Abstract: PUB247
Unmasking the Enigma: A Case Report on Hyponatremia and Chimeric Antigen Receptor T Cell (CAR-T) Therapy in Mantle-Cell Lymphoma
Session Information
Category: Fluid, Electrolytes, and Acid-Base Disorders
- 1102 Fluid, Electrolyte, and Acid-Base Disorders: Clinical
Authors
- Matarneh, Ahmad, Penn State College of Medicine, Hershey, Pennsylvania, United States
- Sardar, Sundus, Penn State College of Medicine, Hershey, Pennsylvania, United States
- Portela, Rafael, Penn State College of Medicine, Hershey, Pennsylvania, United States
- Abdulbasit, Muhammad, Penn State College of Medicine, Hershey, Pennsylvania, United States
- Verma, Navin, Penn State College of Medicine, Hershey, Pennsylvania, United States
- Trivedi, Naman, Penn State College of Medicine, Hershey, Pennsylvania, United States
- Ghahramani, Nasrollah, Penn State College of Medicine, Hershey, Pennsylvania, United States
Introduction
Chimeric Antigen Receptor T-cell (CAR-T) therapy is a new treatment for relapsed and refractory hematologic cancers. CAR-T cells are modified T-cells that express receptors targeting specific antigens on cancer cells, leading to their apoptosis and destruction. CAR-T therapy is associated with a unique adverse effects, such as cytokine release syndrome (CRS) and neurotoxicity. It can also cause electrolyte abnormalities, such as hyponatremia, hypophosphatemia, and hypokalemia.

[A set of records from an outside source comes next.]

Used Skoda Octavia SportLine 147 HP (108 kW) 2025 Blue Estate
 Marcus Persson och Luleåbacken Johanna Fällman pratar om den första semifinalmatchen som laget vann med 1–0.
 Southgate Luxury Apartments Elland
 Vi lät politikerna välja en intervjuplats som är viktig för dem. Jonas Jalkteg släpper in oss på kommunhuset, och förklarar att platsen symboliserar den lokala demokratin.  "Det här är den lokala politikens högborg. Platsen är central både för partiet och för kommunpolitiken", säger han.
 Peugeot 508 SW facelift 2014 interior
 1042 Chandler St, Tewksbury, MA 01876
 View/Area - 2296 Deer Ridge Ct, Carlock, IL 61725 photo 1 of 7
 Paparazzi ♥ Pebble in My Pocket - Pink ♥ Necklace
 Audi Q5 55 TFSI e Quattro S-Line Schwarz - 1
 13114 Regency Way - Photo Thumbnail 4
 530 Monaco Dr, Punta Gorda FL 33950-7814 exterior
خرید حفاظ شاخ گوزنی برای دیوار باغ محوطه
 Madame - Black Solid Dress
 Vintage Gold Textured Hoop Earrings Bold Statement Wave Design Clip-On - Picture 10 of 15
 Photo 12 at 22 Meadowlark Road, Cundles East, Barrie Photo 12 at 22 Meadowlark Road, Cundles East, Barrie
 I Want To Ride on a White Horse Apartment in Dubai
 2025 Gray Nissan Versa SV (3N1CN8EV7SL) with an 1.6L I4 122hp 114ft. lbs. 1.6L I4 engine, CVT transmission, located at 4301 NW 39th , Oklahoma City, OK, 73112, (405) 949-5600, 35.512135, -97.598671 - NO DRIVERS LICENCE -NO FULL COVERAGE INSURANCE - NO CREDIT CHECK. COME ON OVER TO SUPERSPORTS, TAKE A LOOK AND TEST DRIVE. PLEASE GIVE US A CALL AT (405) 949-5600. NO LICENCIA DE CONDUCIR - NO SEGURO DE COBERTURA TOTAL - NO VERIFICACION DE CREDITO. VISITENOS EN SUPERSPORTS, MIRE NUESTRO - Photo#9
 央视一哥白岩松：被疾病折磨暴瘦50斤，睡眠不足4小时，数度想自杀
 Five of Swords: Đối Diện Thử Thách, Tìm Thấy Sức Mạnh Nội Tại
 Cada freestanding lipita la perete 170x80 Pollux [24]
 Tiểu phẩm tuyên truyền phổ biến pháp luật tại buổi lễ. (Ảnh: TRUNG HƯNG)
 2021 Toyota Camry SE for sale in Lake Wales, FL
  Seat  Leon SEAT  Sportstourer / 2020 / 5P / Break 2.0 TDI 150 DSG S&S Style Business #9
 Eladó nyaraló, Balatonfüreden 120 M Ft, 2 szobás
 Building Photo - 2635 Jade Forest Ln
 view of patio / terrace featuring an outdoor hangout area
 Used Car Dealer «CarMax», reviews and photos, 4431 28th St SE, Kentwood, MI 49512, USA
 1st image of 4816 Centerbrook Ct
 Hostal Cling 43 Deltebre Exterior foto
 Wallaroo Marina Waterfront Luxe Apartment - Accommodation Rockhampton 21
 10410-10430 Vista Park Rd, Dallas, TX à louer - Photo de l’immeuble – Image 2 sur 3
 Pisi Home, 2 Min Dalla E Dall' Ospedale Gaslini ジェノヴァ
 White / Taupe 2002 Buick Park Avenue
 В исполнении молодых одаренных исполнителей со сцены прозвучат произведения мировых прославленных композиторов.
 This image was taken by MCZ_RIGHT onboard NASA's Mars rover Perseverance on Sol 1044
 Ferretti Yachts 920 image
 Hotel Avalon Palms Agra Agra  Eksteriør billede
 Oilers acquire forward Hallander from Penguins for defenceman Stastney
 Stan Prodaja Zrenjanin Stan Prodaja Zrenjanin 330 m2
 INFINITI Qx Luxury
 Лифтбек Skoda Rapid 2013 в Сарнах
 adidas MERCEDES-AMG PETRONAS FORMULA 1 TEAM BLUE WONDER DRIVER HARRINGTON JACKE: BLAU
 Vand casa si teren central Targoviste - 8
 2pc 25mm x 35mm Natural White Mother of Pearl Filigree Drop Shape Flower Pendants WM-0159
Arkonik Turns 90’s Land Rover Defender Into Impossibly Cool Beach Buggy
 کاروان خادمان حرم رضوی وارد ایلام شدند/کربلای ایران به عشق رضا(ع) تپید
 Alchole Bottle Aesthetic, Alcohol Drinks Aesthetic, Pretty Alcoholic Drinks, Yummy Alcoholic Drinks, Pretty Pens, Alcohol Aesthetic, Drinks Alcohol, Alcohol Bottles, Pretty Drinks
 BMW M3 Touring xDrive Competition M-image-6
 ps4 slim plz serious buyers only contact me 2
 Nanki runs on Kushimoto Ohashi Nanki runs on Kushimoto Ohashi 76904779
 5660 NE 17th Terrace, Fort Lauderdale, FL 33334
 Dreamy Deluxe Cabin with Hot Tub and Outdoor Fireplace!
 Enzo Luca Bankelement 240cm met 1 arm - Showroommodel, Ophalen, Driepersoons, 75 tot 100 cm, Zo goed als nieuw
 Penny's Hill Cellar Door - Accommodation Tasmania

Here, we present a challenging case of hyponatremia following CAR-T therapy.
Case Description
A 66-year-old male, known to have a history of Mantle cell lymphoma, diagnosed 8 months prior to presentation. Initially treated with R-CHOP, then underwent CAR-T therapy. Two months ago, he underwent Tecartus CAR-T therapy, which was complicated by grade 2 CRS. This was managed with tocilizumab, anakinra, and dexamethasone. He was noted with hyponatremia on outpatient labs, sodium levels at 119 meq/l. Upon presentation, he was completely asymptomatic. Exam showed orthostatic hypotension; treated with normal saline 0.9%, but sodium levels remained low. His serum osmolality was low(258mosm/kg), urine sodium was high(53meq/l), and urine osmolality was high(463mosm/l), suggesting syndrome of inappropriate antidiuretic hormone secretion. He was initiated on urea powder. Despite that, his sodium levels remained around 128meq/l. Considering the orthostatic vitals, bedside ultrasound findings revealed features consistent with a hypovolemic state, including an inferior vena cava diameter of 2.1cm and respiratory collapse exceeding 50%. Given these findings, he was given intravenous fluids which resulted in improvement in his levels, discharged with instructions to maintain a liberal intake of oral fluids. Follow-up labs showed sodium increase.
Discussion
Hyponatremia, can complicate CAR-T treatment, and is frequently associated with CRS. The prompt identification and management of hyponatremia are crucial to ensure optimal outcomes for patients undergoing CAR-T therapy. CRS can be treated with immunosuppression. Treating hyponatremia in CAR-T-related cases poses challenges as one of the pathophysologies is volume depletion. Supportive measures with hydration, coupled with addressing potential underlying CRS, can aid in management.